Adapting to Yukon’s changing climate: polargrass gains, hairy braya loses out

In the northern reaches of the Arctic, where the Beaufort Sea licks the sandy outcrop of land on Cape Bathurst peninsula in N.W.T., there’s a small population of flowering plants that can’t be found anywhere else in the world.

By Vivian Belik

In the northern reaches of the Arctic, where the Beaufort Sea licks the sandy outcrop of land on Cape Bathurst peninsula in N.W.T., there’s a small population of flowering plants that can’t be found anywhere else in the world. The hairy braya, a white-flowered, fragrant mustard, is not only extremely rare – it’s on the verge of extinction, a situation that is worsening because of climate change.

When Scottish explorer Sir John Richardson discovered Cape Bathurst peninsula in 1826, the bay he pulled into was likely crowded with hairy braya. He described the flowers as fragrant, with a smell similar to lilac blooms. When botanist Jim Harris retraced Richardson’s footsteps in 2004, he found that the population of this endemic plant had decreased significantly.

Seven years later, when Yukon researcher Bruce Bennett returned with Harris to the same spot, he found that the number of plants had shrunk further, from several thousand to several hundred. “It was a tenth of what Jim Harris had seen just a few years before, and it’s likely that if you were to go to that spot now, the entire population would be gone,” Bennett says.

The hairy braya relies on insects to reproduce, doesn’t compete well with other plants, and is killed by overwash of salt water. But the biggest factor affecting the plants’ survival is eroding shorelines caused by increased wave action due to the reduced sea ice in the Beaufort Sea. This situation will only worsen as sea levels continue to rise as a result of climate change.

The plants are often found about 50 metres from shore and shorelines are eroding at a rate of 10 metres per year, says Bennett, the coordinator of the Yukon Conservation Data Centre. “There seems to be enough evidence that the trajectory is not very good for this species, and it may be one of the first species we see go extinct in the North as a result of the effects of climate change.”

Since 2005 Bennett has been a member of the Committee on the Status of Endangered Wildlife in Canada (COSEWIC), and three years ago became a co-chair of the organization’s vascular plant subcommittee. He’s been paying close attention to which plants and animals in Yukon may be heading down the same path as a result of increasing storms, changing sea levels, loss of sea ice, increasing temperatures, and unpredictable weather.

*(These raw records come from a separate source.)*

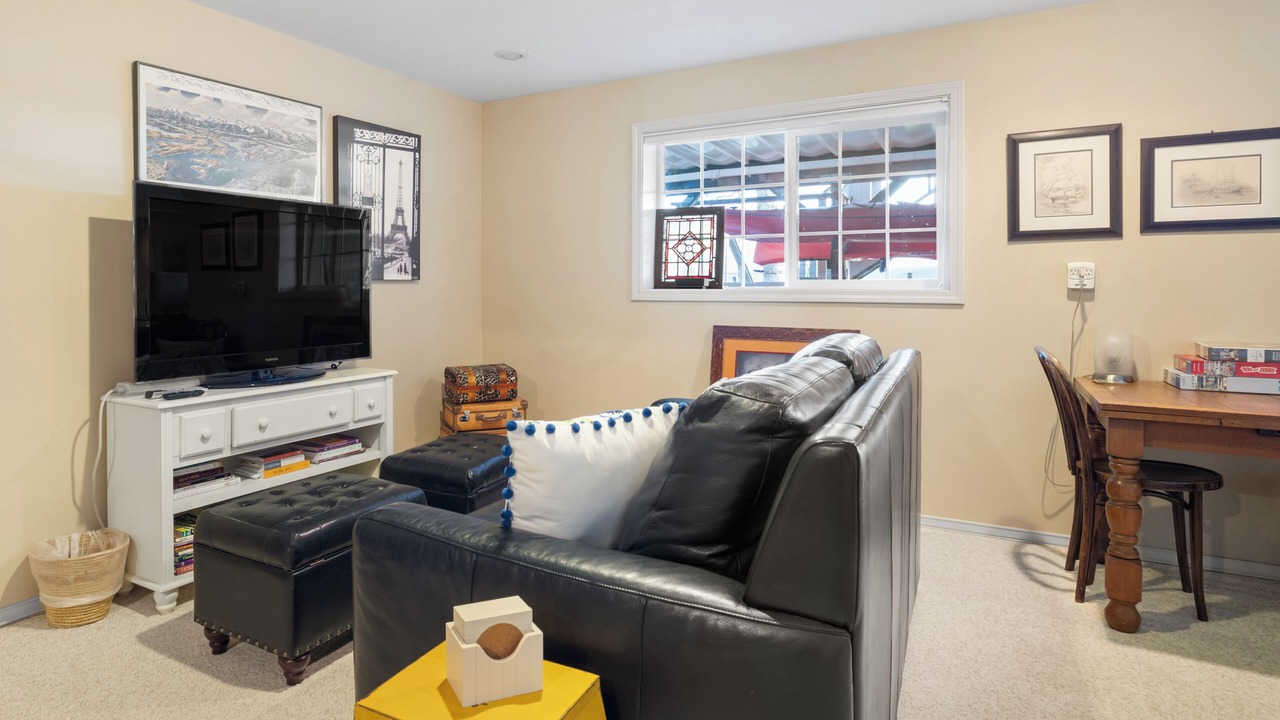 Photo of Livingroom in Allyn
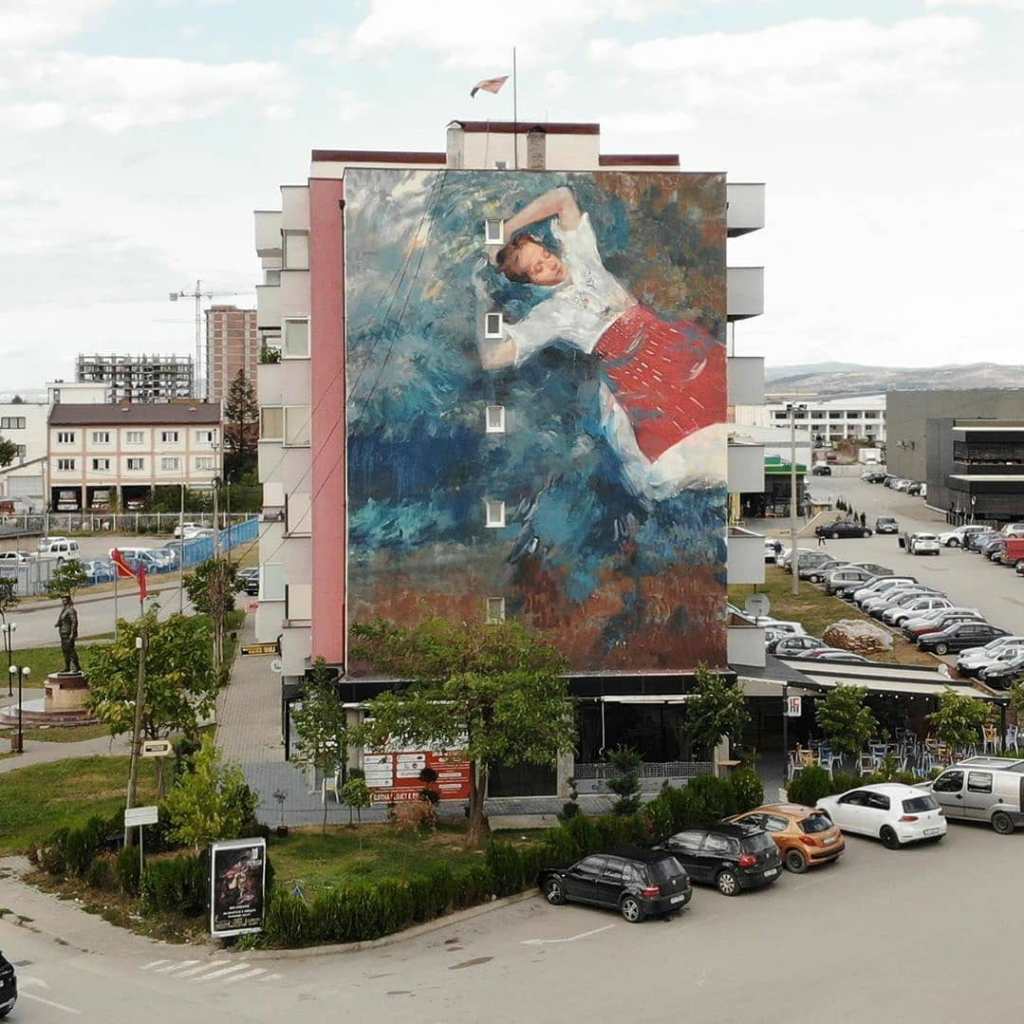 brababella's tweet photo. #Streetart by #AlbaFabreSacristán @ #Ferizaj, Kosovo, for #Change2020, curated by #VoidProjects
https://t.co/sZB7ppd3NS #arteurbana #urbanart #murals #muralism https://t.co/wHpxgHQ2kr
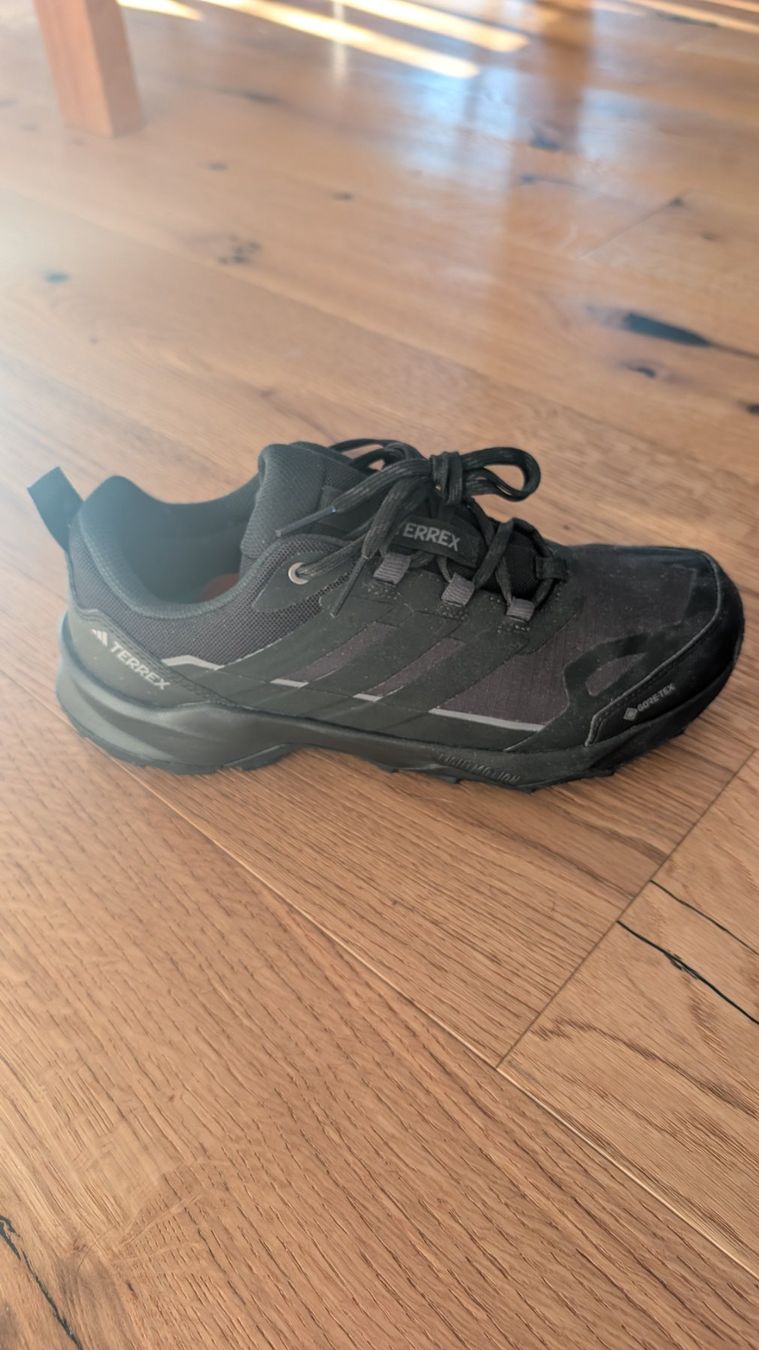 Adidas Chaussures hommes: Adidas Terrex Wanderschuhe schwarz Grösse 43 1/3 – Neuf (Voir description) à Birrhard par jjhitos 1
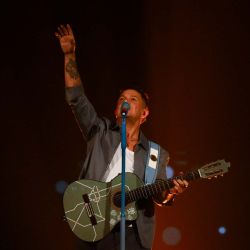 El cantautor español Alejandro Sanz actúa durante su gira ¿Y Ahora Que?,en el Campo Argentino de Polo de Buenos Aires. | Foto:LUIS ROBAYO / AFP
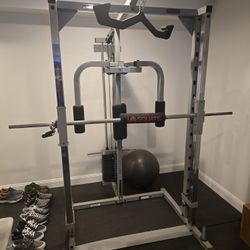 Body Solid Smith Machine With  Bench 160lb W/stack 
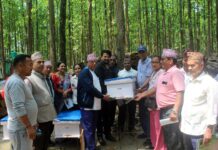 नमूनामा उपभोक्ताहरुको आम्दानी वृद्धि गर्न मौरीपालन कार्यक्रम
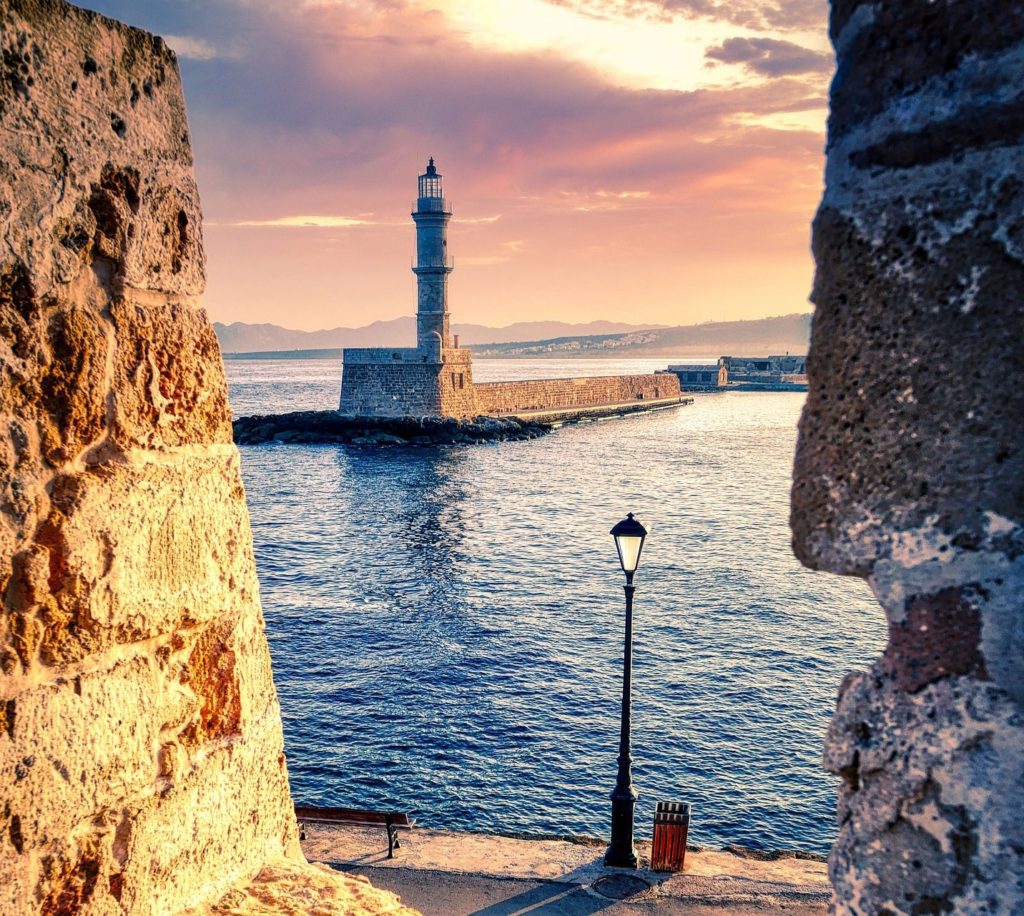 Cosa fare a Chania, Creta - faro nel Porto Antico di Chania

As on the Cape Bathurst peninsula, there are sandy dunes along the Yukon coast that host plants and invertebrates that are starting to disappear as the dunes erode and fall into the ocean. “The shoreline is eroding too fast for species to move or adapt. If you were a species on that dune and you lived on the coast, your habitat is gone,” says Bennett. “This may be the case for many invertebrates and plants.”

Some inland species may be at risk too. The collared pika, a rodent that looks like a hamster but is more closely related to a rabbit, is a Beringian species that lives in alpine areas in the Yukon. The animal has a limited ability to thermoregulate, or control its own body temperature, and spends the hot summer hiding in cool rocky crevices.

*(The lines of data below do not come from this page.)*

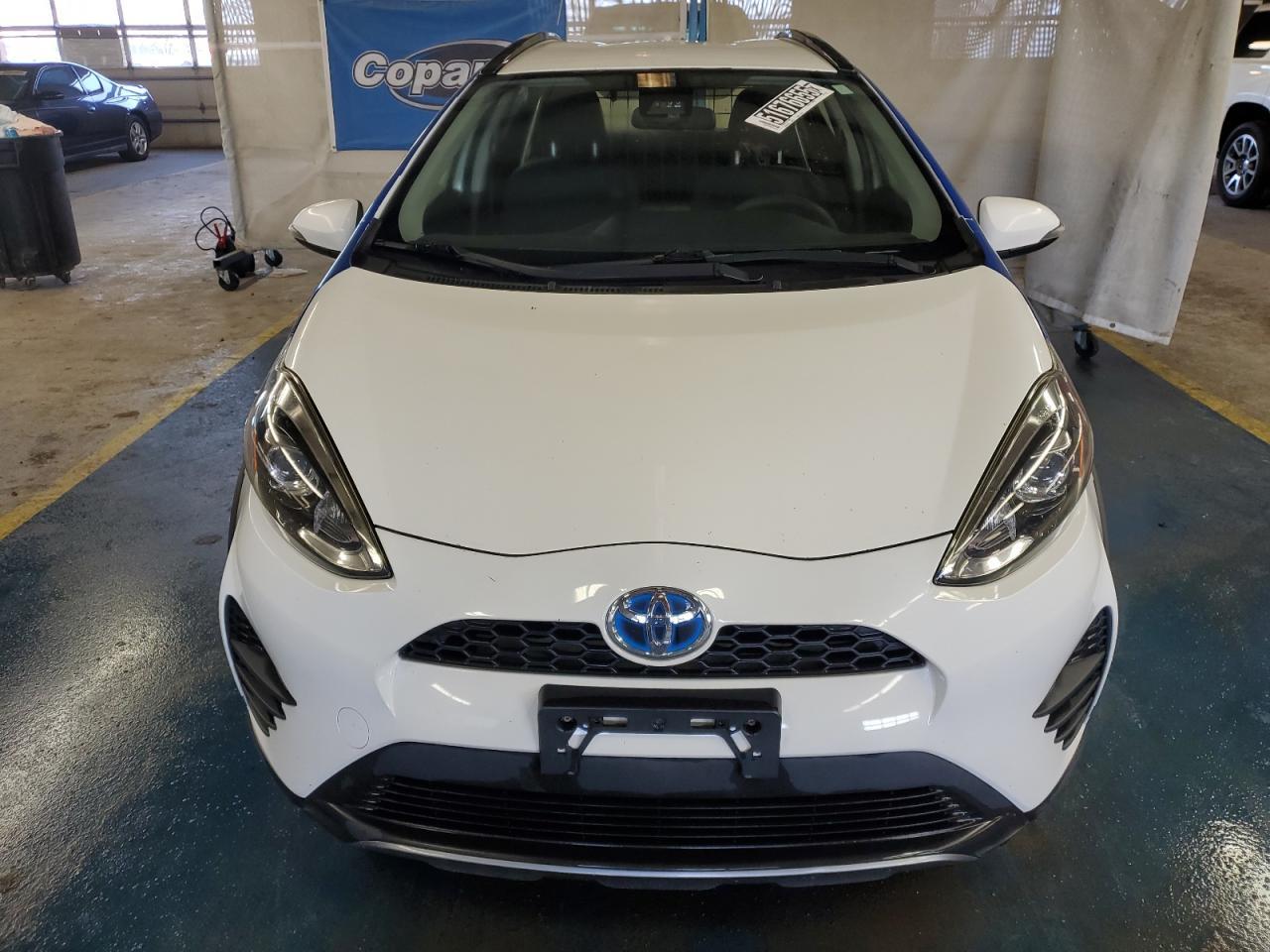2018 TOYOTA PRIUS C - Image 5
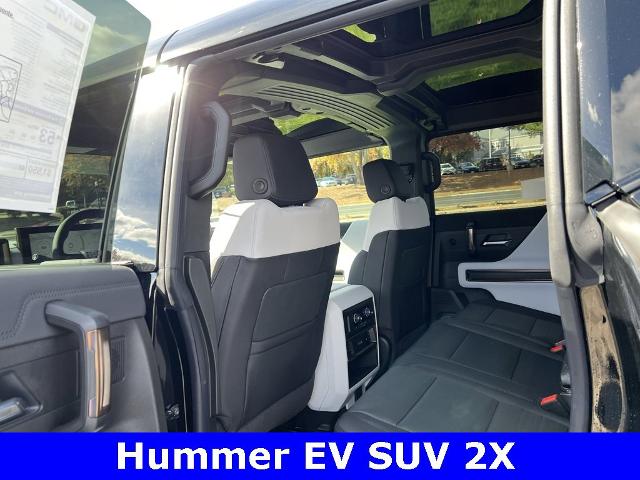 2025 GMC HUMMER EV SUV Vehicle Photo in CHICOPEE, MA 01020-5001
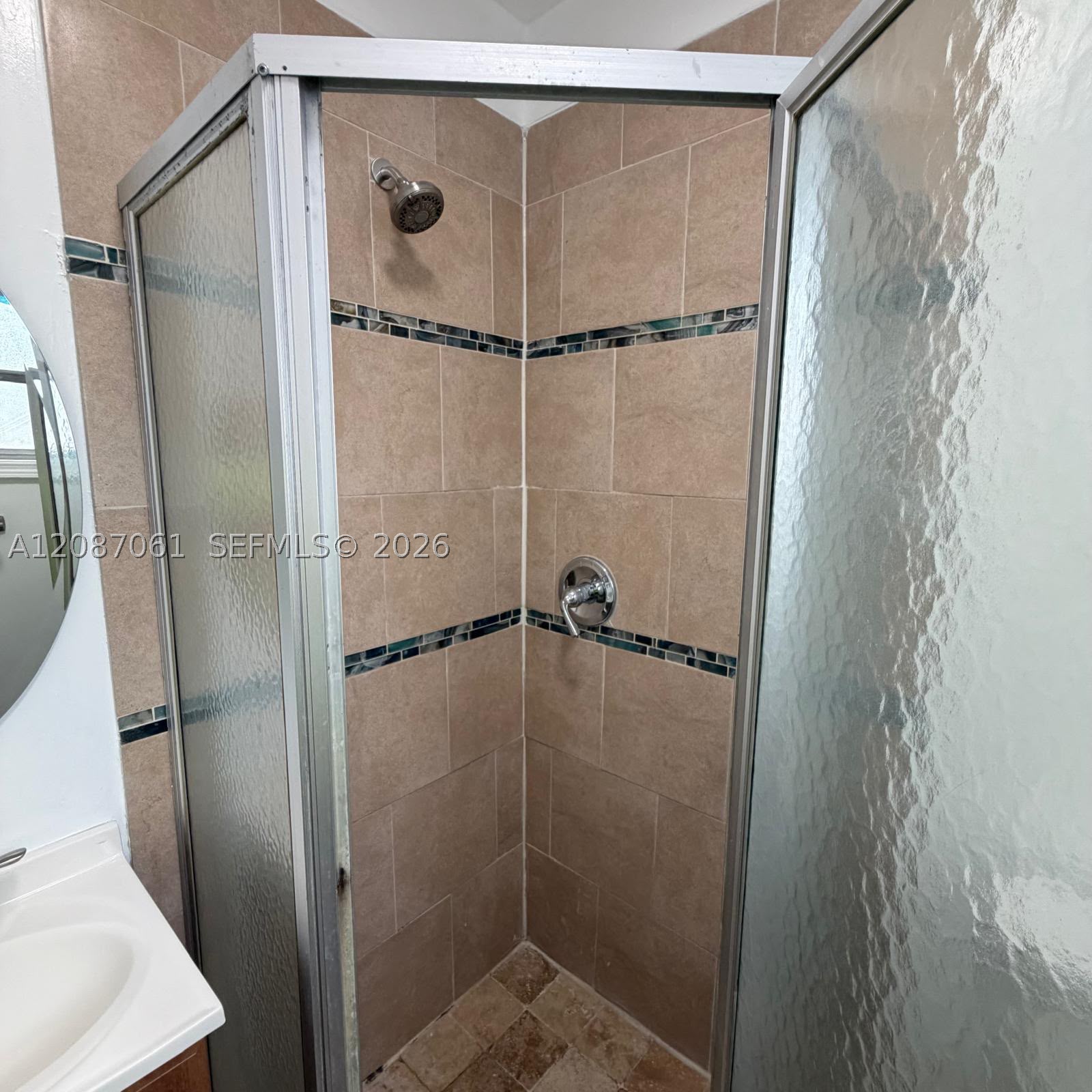 3932 NW 39th Ave, Lauderdale Lakes FL 33309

But these rocky areas are at risk of heating up. Bennett points to the collared pika’s relative, the American pika, which is experiencing rapidly increasing rates of local extinctions and dramatic range shifts as a result of the increasing pace of environmental change. Found in the southern Rocky Mountains and the Great Basin, American pikas are moving higher up into the mountains, and their numbers are shrinking in the southern range because it’s too hot and dry. “We may see the same thing in the Yukon. Pikas are a bit of a canary in the coal mine,” says Bennett.

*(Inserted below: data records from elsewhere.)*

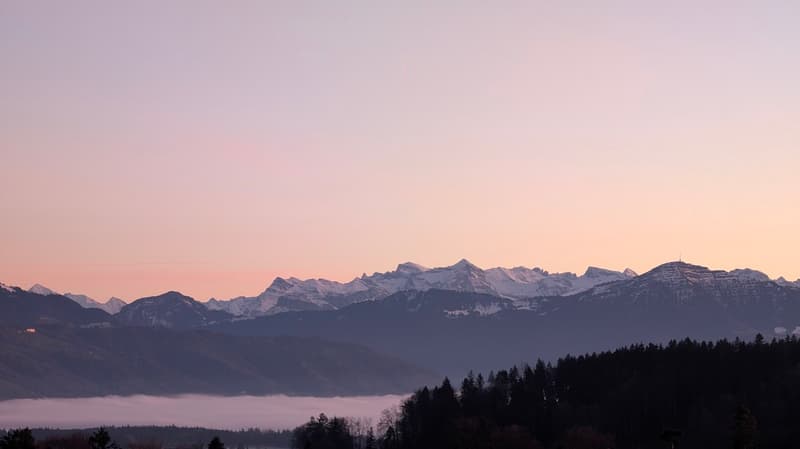 3.5-Zimmer-Garten-Wohnung mit atemberaubendem Ausblick und Zusatzraum (23)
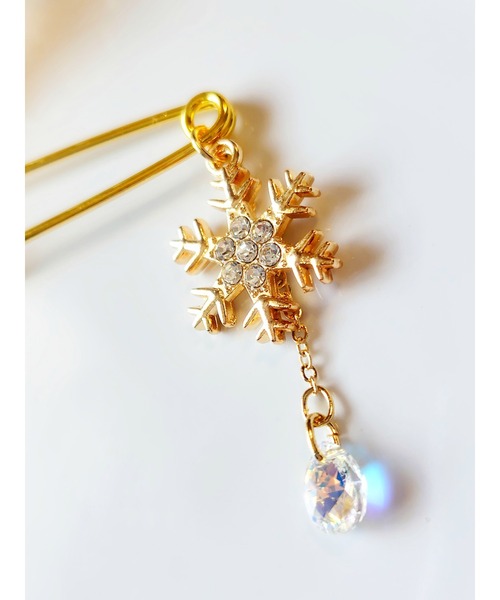 TONE（トネ） ブローチ 「MUURABBTI」雪の結晶とキラキラ雫の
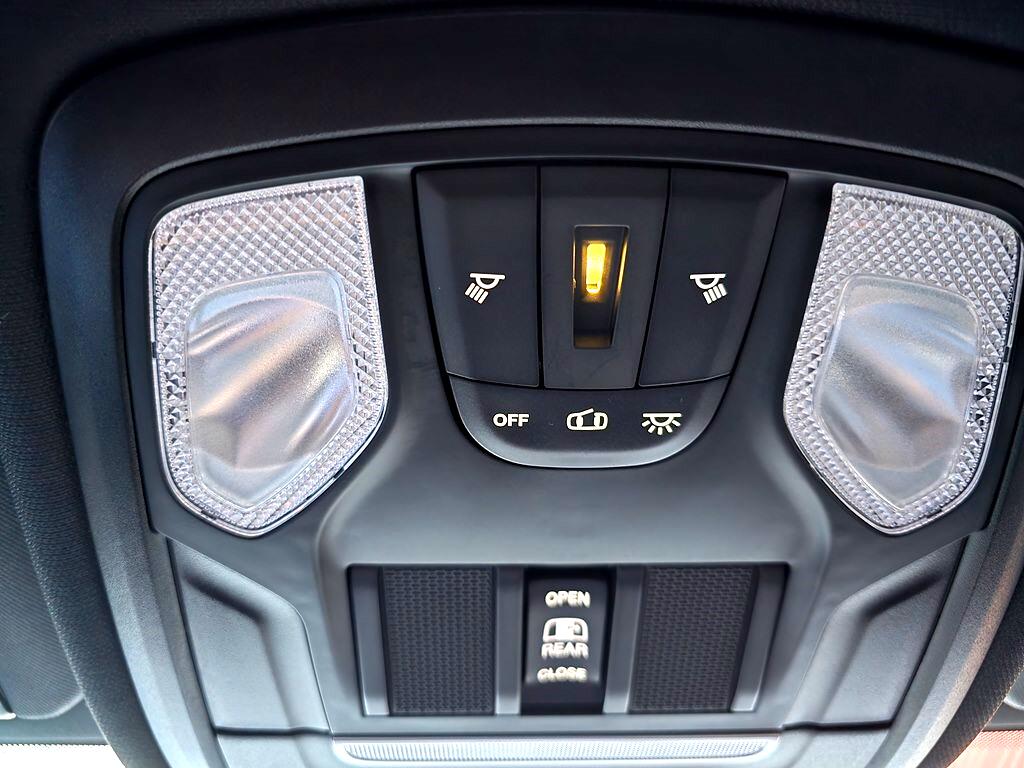 RAM 3500 Tradesman 4x4 Crew Cab 8' Box 2021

The Yukon draba is a small plant found between Haines Junction and the Aishihik, mostly in low-lying grasslands. But many of these drier grasslands are becoming shrubbier and infilling with species like aspen. The territory’s wetter and warmer springs and summers could be the cause. But it might also be an increase in carbon dioxide in the atmosphere, says Bennett, which allows the plants to grow faster.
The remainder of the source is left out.